Everything from the line that holds "Christmas With Cute" through the end of the records below is to be transcribed exactly, except the pictures.

____

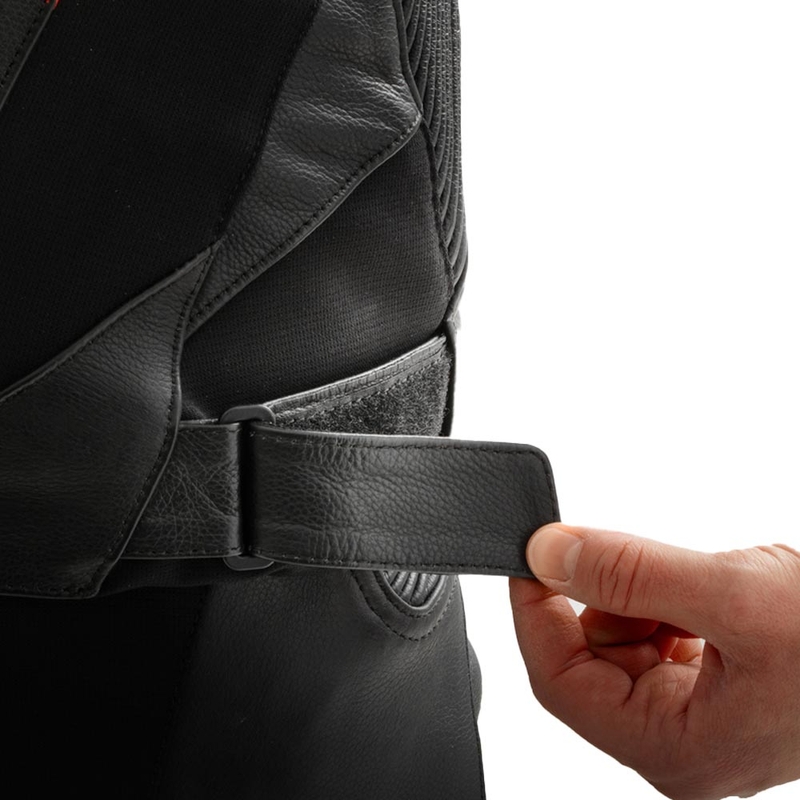 Chaqueta de moto de cuero Rebelhorn Inferno negra-rojo flúor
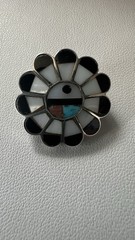 Vintage Zuni Native 925 Silver Sunface Brooch Inlay Design Natural Stones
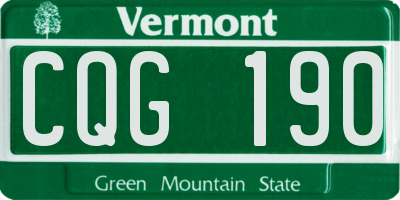 VT license plate CQG190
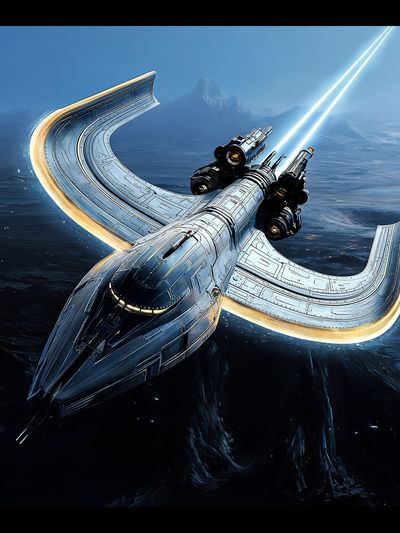 Futuristic Spacecraft Over Ice World Poster.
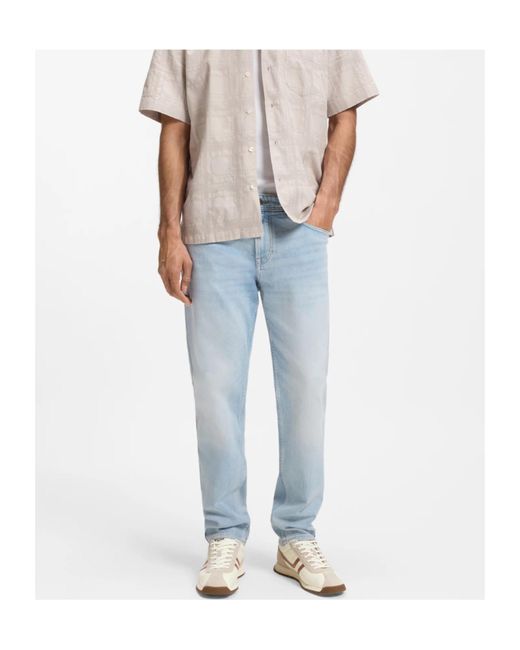 Boss White Panelled Low-Top Sneakers for men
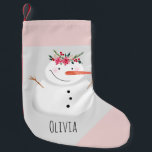Baby Girls First Christmas Flower Snowman and Name Small Christmas Stocking<br><div class="desc">This adorable design features a unique watercolor-style snowman wearing a Christmassy garland,  as well as space for you to personalize the item using your baby girl's name. The perfect keepsake for you little one's first Christmas,  or for a snowman-loving kid!</div>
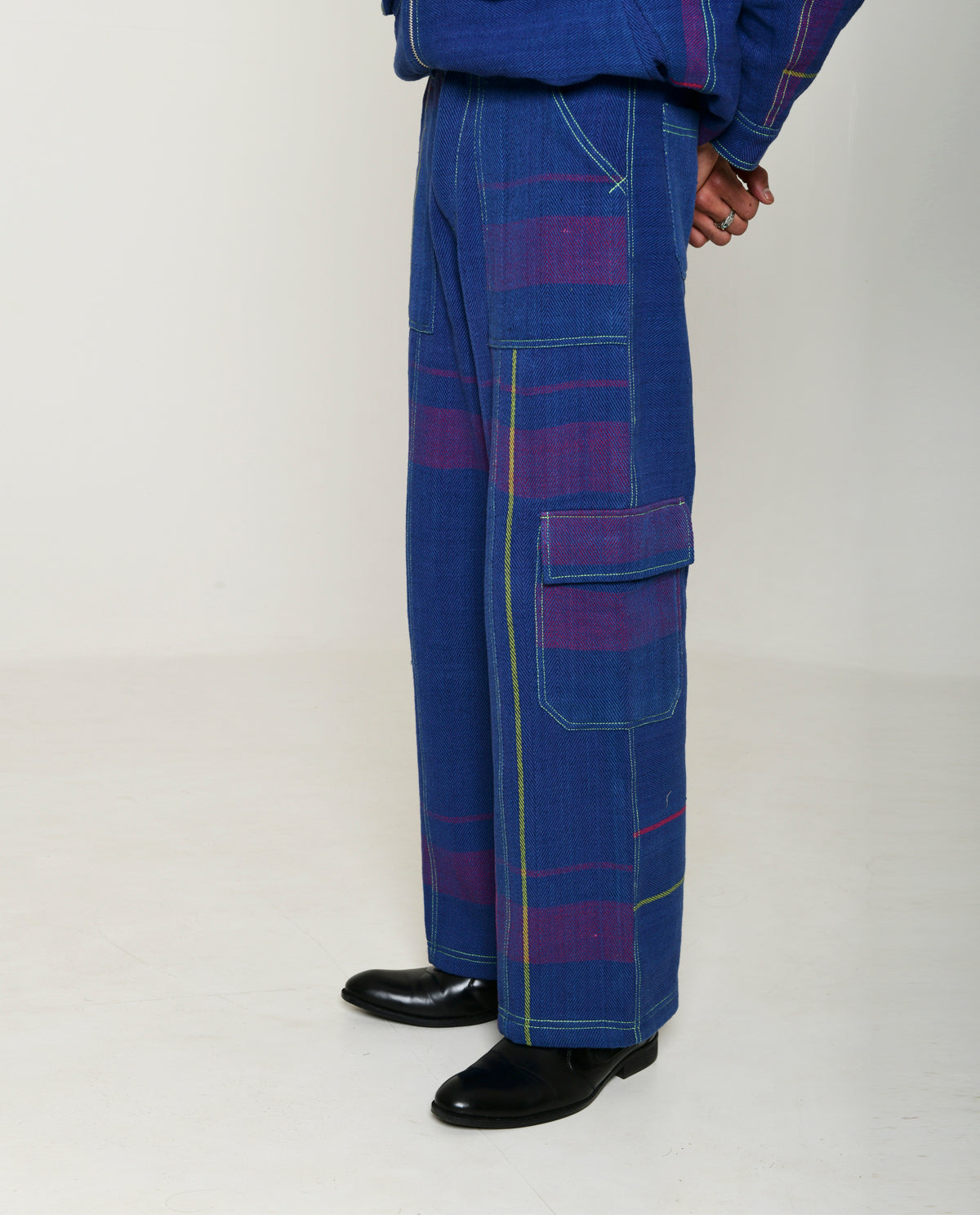 Recycled Blue Multi Colored Cargo Pants at Kamakhyaa by Rias Jaipur. This item is 100% Cotton, Blue, Bottoms, Casual wear, Multicolor, Natural, Pants, RE 2.O, Regular, Stripes, Unisex, Womenswear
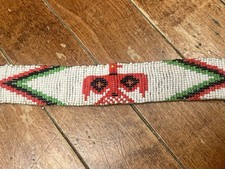 Native American Decorative Seed Bead Leather Beaded Belt Thunderbird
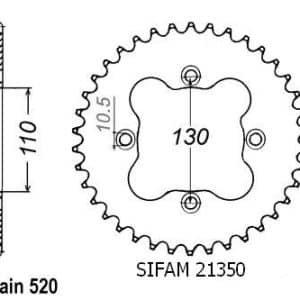 Couronne Acier 38 Dents - Pas 520 - Similaire JTR1350 1986-2012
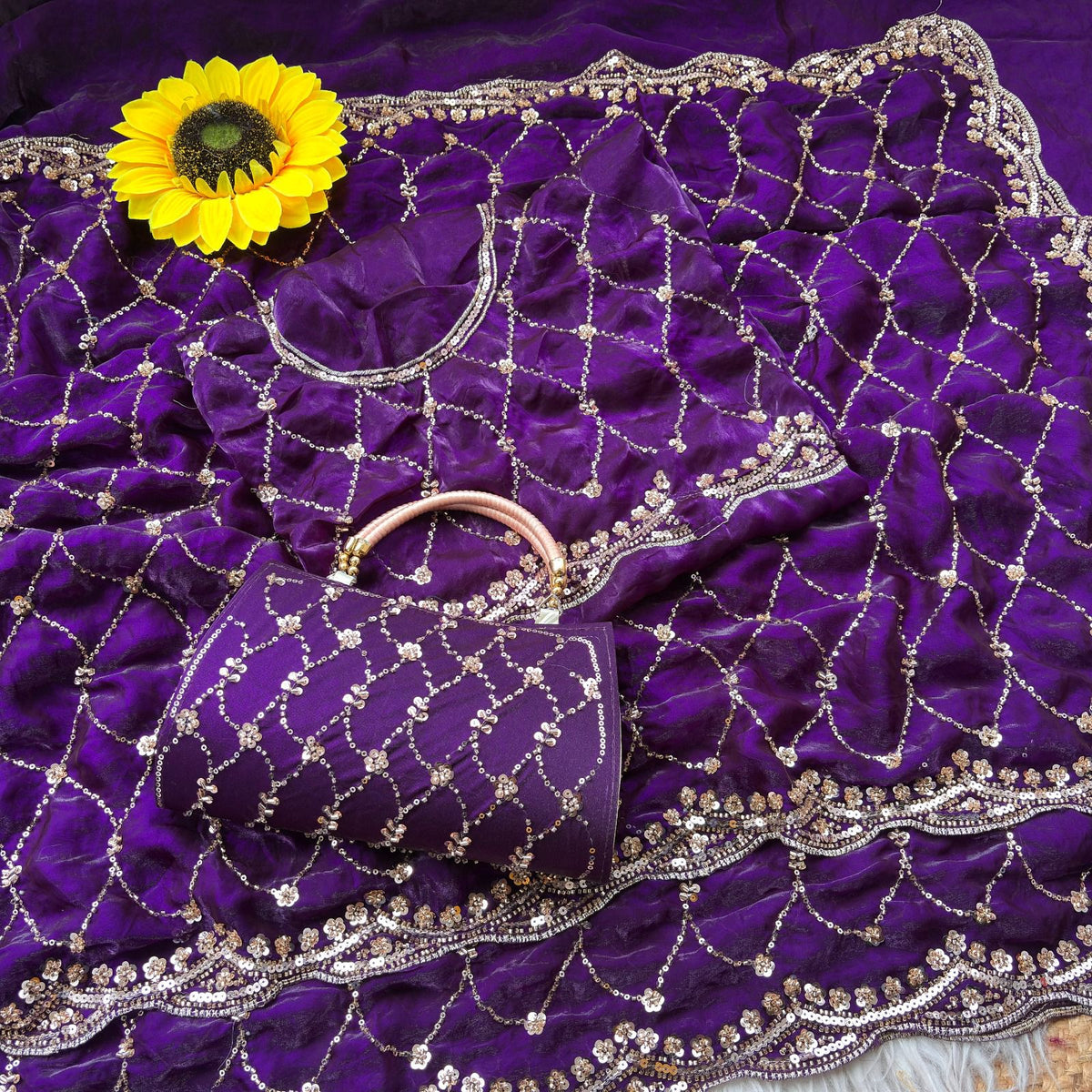 Space silk designer beads work saree ✨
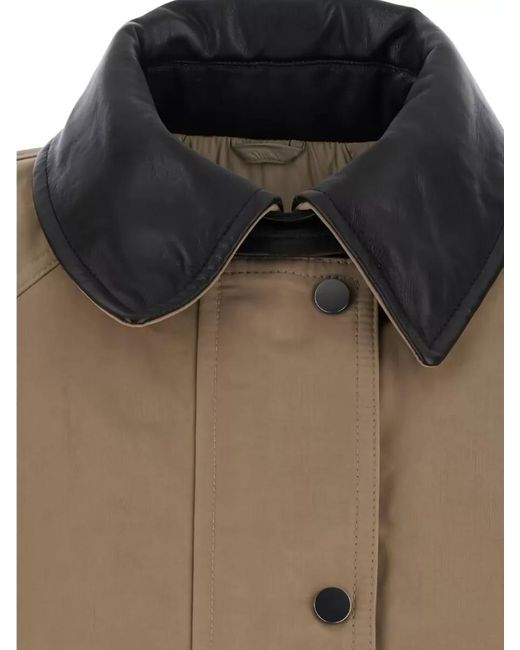 Brunello Cucinelli Brown High Collar Coat Front Pockets Leather Detail
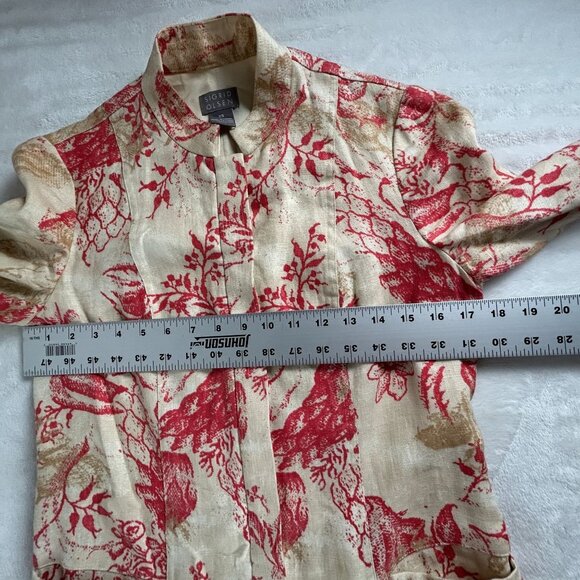 Sigrid Olsen Womens Floral 100% Linen Tunic Jacket Coat XS Red Beige Lightweight - Picture 8 of 10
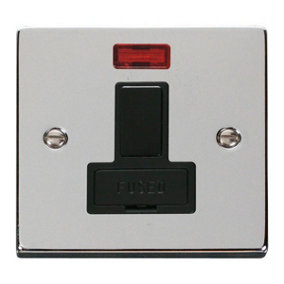 Polished Chrome 13A Fused Connection Unit Switched With Neon - Black Trim - SE Home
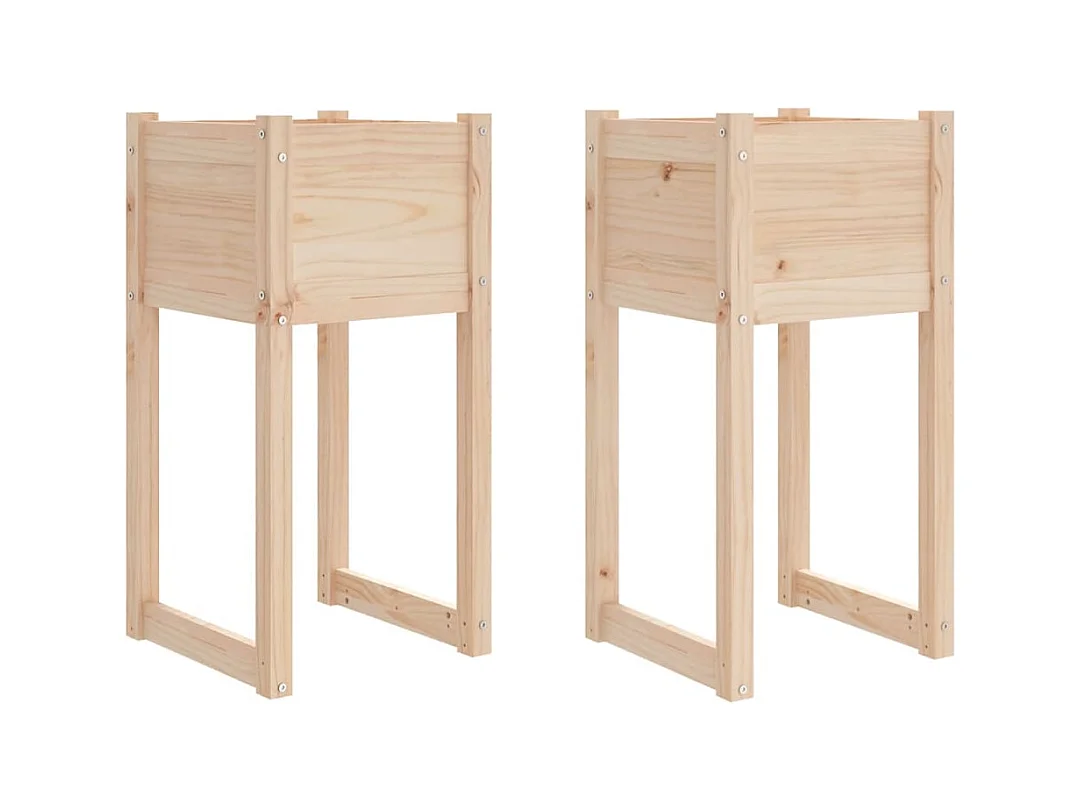 Jardinière bac lit surélevé bois marron 40 x 40 x 81 cm 02_0038969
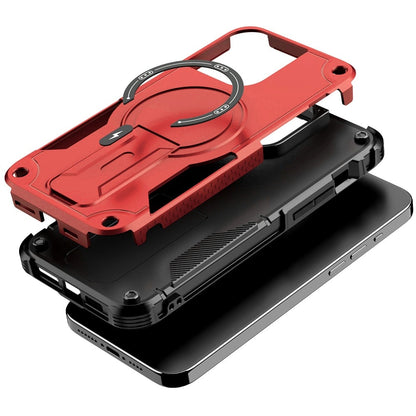 Phone Case for Apple iPhone 12 Pro Max Magnetic Kickstand Rugged Shockproof Armor Grip Anti Slip Heavy Duty Protective Matte Stand Hybrid Cover Red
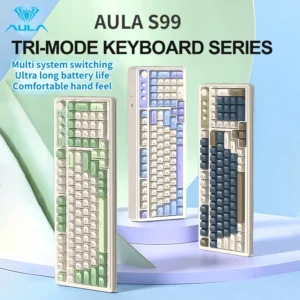 신상품 모음전 AULA S99 2.4G 무선/블루투스/유선 3 모드 게임용 키보드 RGB 인체 공학적 키보드 사무실 타이핑 음소거 99 키 키보드 확인해보세요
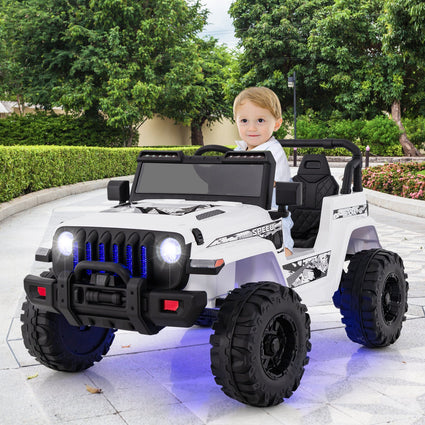 Jeep eléctrico infantil de 12 V con control remoto de 2,4 G - Blanco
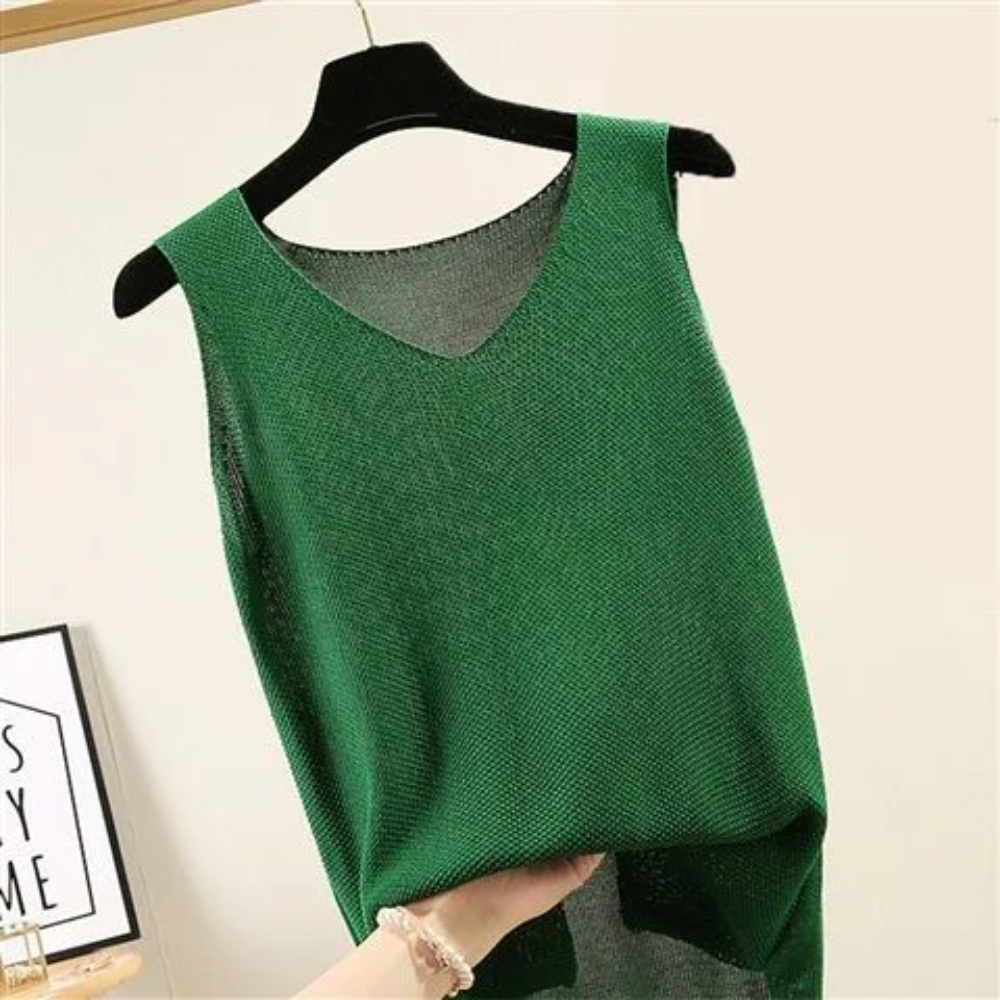 Sleeveless Knitted V-Neck Blouse for Women – Summer Casual Straight-Fit Top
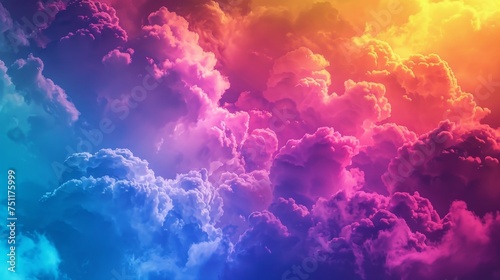 Vibrant rainbowcolored clouds scattered across a neonlit dusk sky evoking wonder
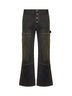 Black denim Half Arrow Ripped flared jeans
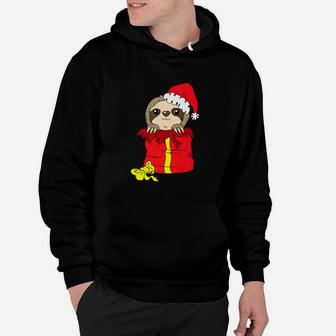 Christmas With Cute Santa Sloth Gift For Girls Boys Hoodie - Seseable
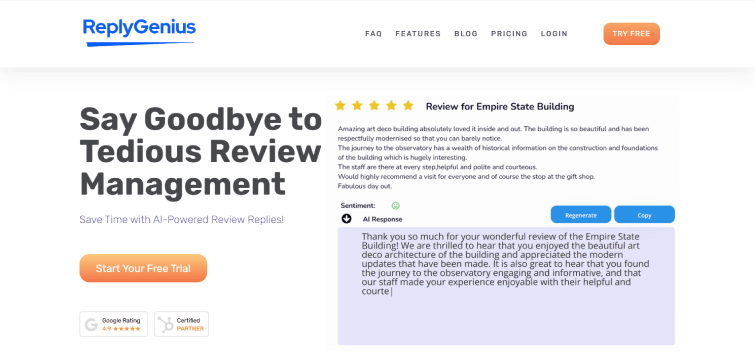 ReplyGenius AI-your-AI-Review-Response-Generator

____

• _Task solution_:
 Christmas With Cute Santa Sloth Gift For Girls Boys Hoodie - Seseable
 ReplyGenius AI-your-AI-Review-Response-Generator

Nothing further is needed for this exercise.